Soundwaves On The Lake: An Alaskan Music Festival
The sun has set on summer in Alaska, but, for the moment, let’s take a look back to warmer, wetter, more melodic times. Specifically, Soundwaves on the Lake.
Soundwaves on the lake: An alaskan music festival
Words / Dustin H James
Photos / Clyde Hewitt
The sun has set on summer in Alaska, but, for the moment, let’s take a look back to warmer, wetter, more melodic times. Specifically, Soundwaves on the Lake, a music festival that takes place on a lake 200 miles south of the Arctic Circle. And, yes, you need to take that literally, as an actual floating music festival.
As you’re turning your thermostats up and eagerly thinking ahead to warmer adventures, you can forget about Coachella right now. Sure, at Coachella, Kanye West sometimes descends from the sky and a holographic Tupac has been known to make surprise appearances. But let me ask you this, “when was the last time you saw a paddleboarder transporting his pizza box on top of his head at Coachella?” Oh, that’s right, you didn’t.
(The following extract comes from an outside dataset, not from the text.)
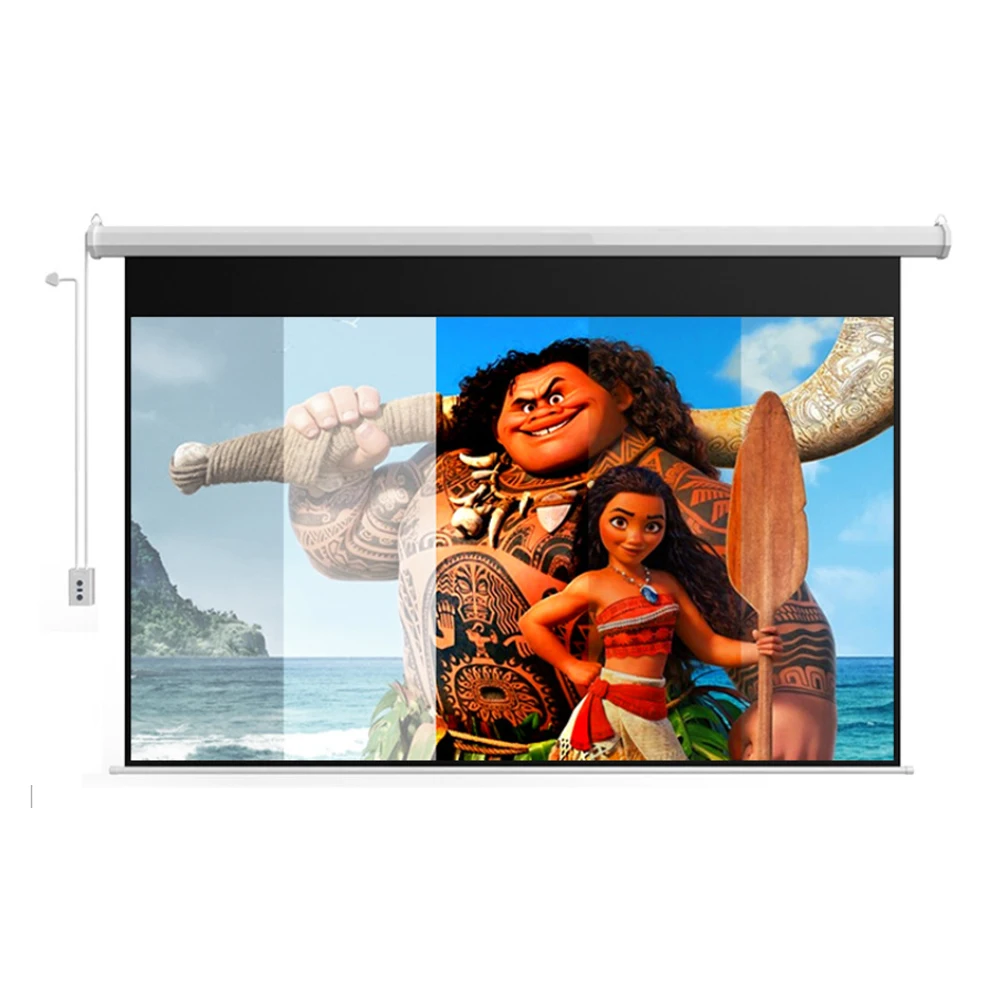 
New Design 100 inch 16:9 Electric Projector Screen White PVC Material for Home Education Movie Screen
You know why? Because Coachella doesn’t even have water. They just have a grassy field, which is so freakin’ typical these days at music festivals. I guess when you’re at the top, like Coachella is, you don’t have to strive to be different. Just add another weekend and call it good, right? Well, leave it to three friends from Fairbanks to push the festival paradigm forward by thinking outside the box — and not just the pizza box.
“The sky is the limit,” says Soundwaves organizer Chad Young.
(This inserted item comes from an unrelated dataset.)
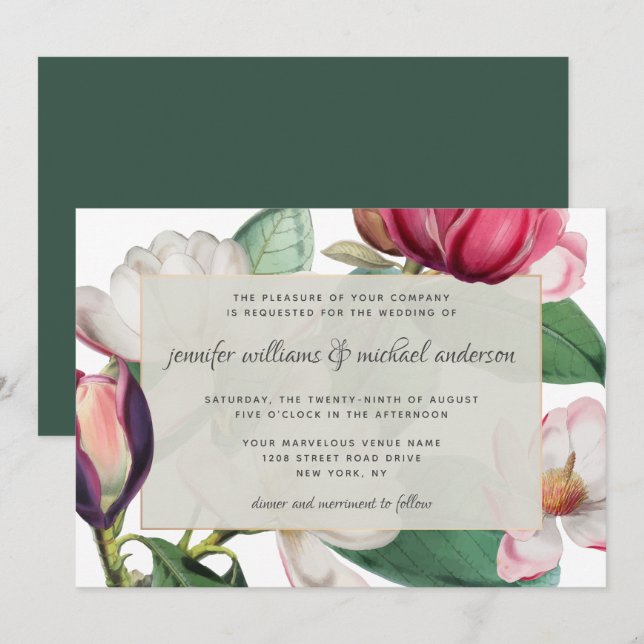 Romantic Magnolia Blossoms Elegant Floral Invitation (Front/Back)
Young, 32, grew up as part of the Harding Lake summer community that live just outside of Fairbanks. One day, in 2014, he was talking to his buddy Jerry Lee Sadler and told him, “dude, we sit here with 15 boats tied together in the middle of the lake, one boat playing music, and we have the greatest time ever.”
They talked to another Harding Lake local, Fred, and Fred built them a 20 foot by 20 foot floating stage for bands to play on. They borrowed some speakers and some random guy’s soundboard, which no one knew how to work, and put that on another dock, which was anchored down by brake drums.
The infrastructure was ready and all that was left was a name. By this point, Jerry Lee’s sister Sierra had come onboard to help. The trio decided to call the whole thing Soundwaves on the Lake.